• [ACTION ITEM] Give the data below again exactly, and drop each picture from it.

EXERCISE MATERIAL Block Start

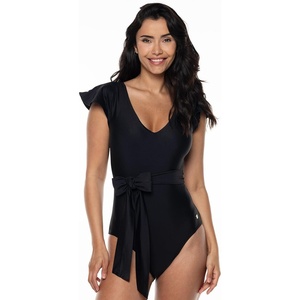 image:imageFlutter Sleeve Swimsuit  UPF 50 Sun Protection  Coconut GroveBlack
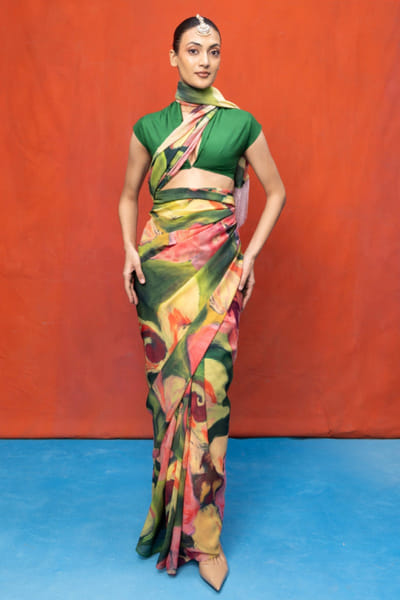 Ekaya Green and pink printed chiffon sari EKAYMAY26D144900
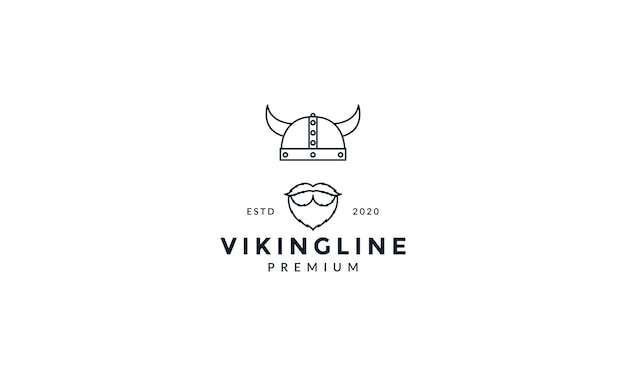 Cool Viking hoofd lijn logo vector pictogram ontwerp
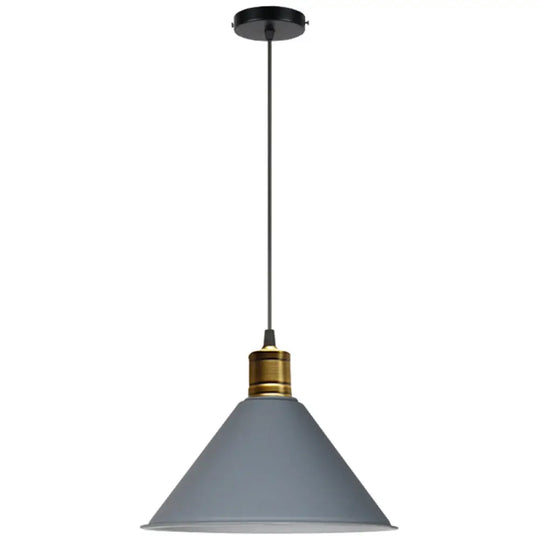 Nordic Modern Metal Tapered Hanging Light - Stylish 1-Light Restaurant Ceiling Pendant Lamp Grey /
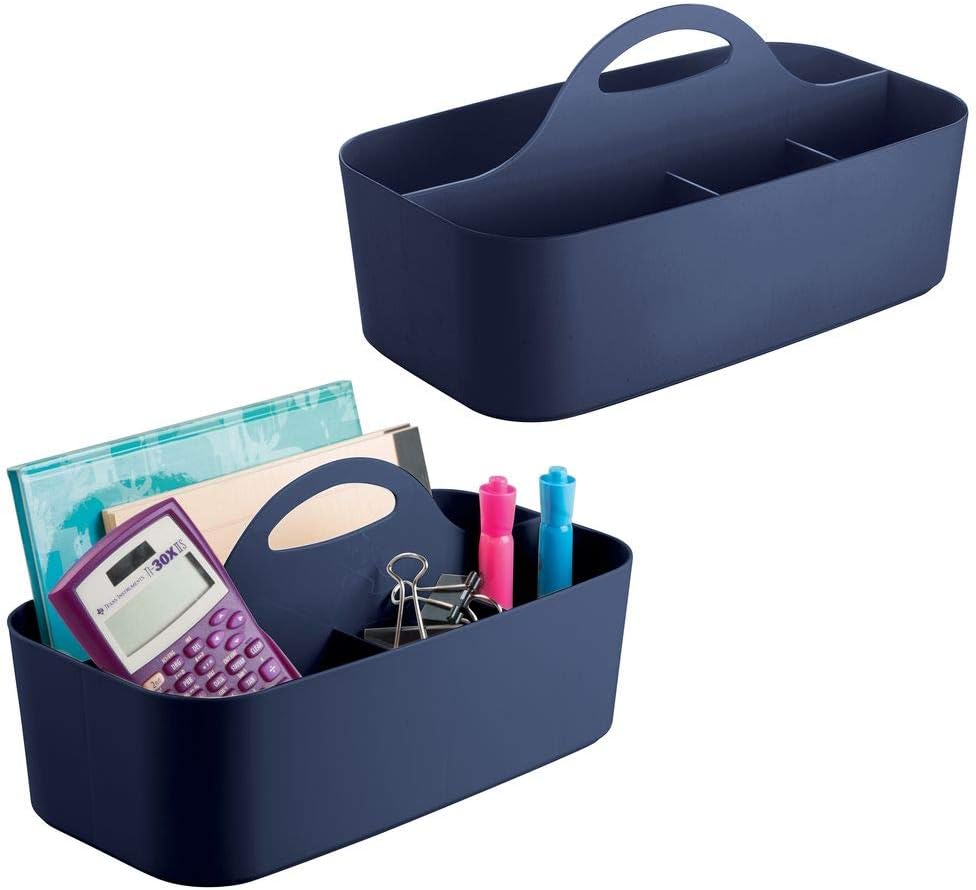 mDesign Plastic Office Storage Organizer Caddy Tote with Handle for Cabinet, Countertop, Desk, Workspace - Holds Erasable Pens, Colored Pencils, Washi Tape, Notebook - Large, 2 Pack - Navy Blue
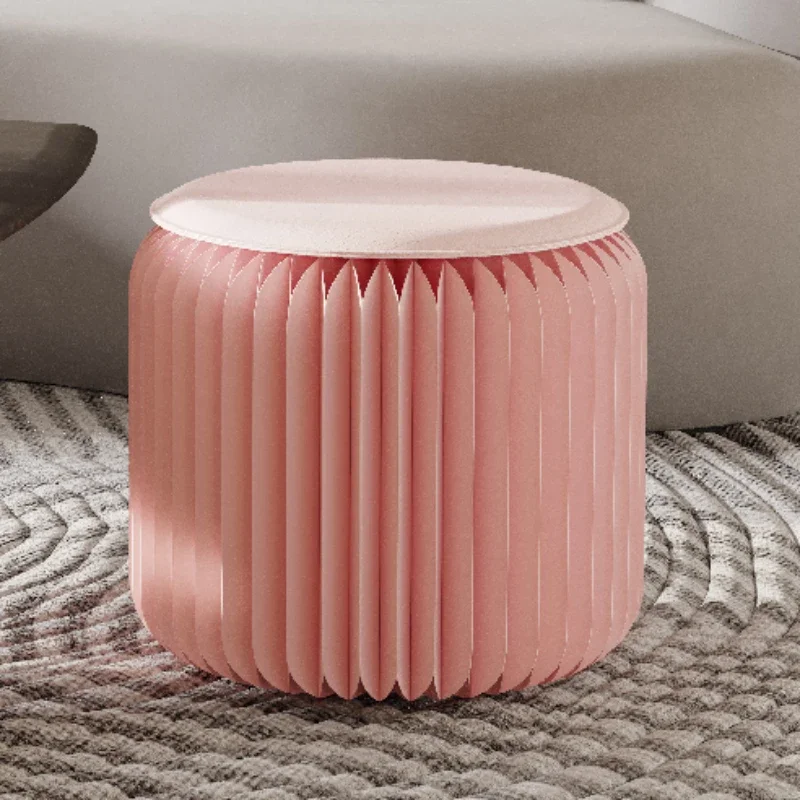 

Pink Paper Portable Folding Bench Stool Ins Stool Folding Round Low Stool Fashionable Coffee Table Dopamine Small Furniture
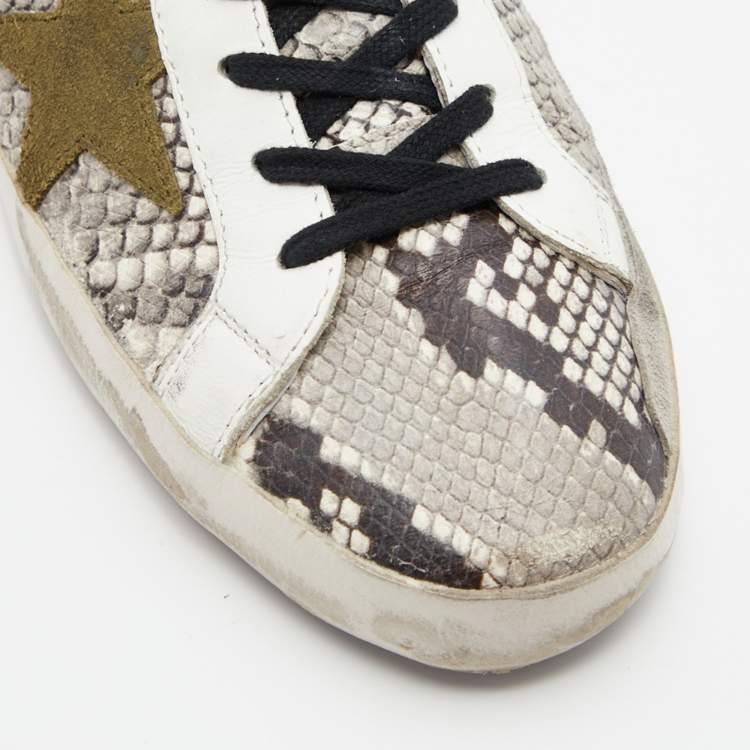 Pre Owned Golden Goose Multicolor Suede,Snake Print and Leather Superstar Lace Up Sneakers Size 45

EXERCISE MATERIAL Block End

• [RESULT]
 image:imageFlutter Sleeve Swimsuit  UPF 50 Sun Protection  Coconut GroveBlack
 Ekaya Green and pink printed chiffon sari EKAYMAY26D144900
 Cool Viking hoofd lijn logo vector pictogram ontwerp
 Nordic Modern Metal Tapered Hanging Light - Stylish 1-Light Restaurant Ceiling Pendant Lamp Grey /
 mDesign Plastic Office Storage Organizer Caddy Tote with Handle for Cabinet, Countertop, Desk, Workspace - Holds Erasable Pens, Colored Pencils, Washi Tape, Notebook - Large, 2 Pack - Navy Blue

Pink Paper Portable Folding Bench Stool Ins Stool Folding Round Low Stool Fashionable Coffee Table Dopamine Small Furniture
 Pre Owned Golden Goose Multicolor Suede,Snake Print and Leather Superstar Lace Up Sneakers Size 45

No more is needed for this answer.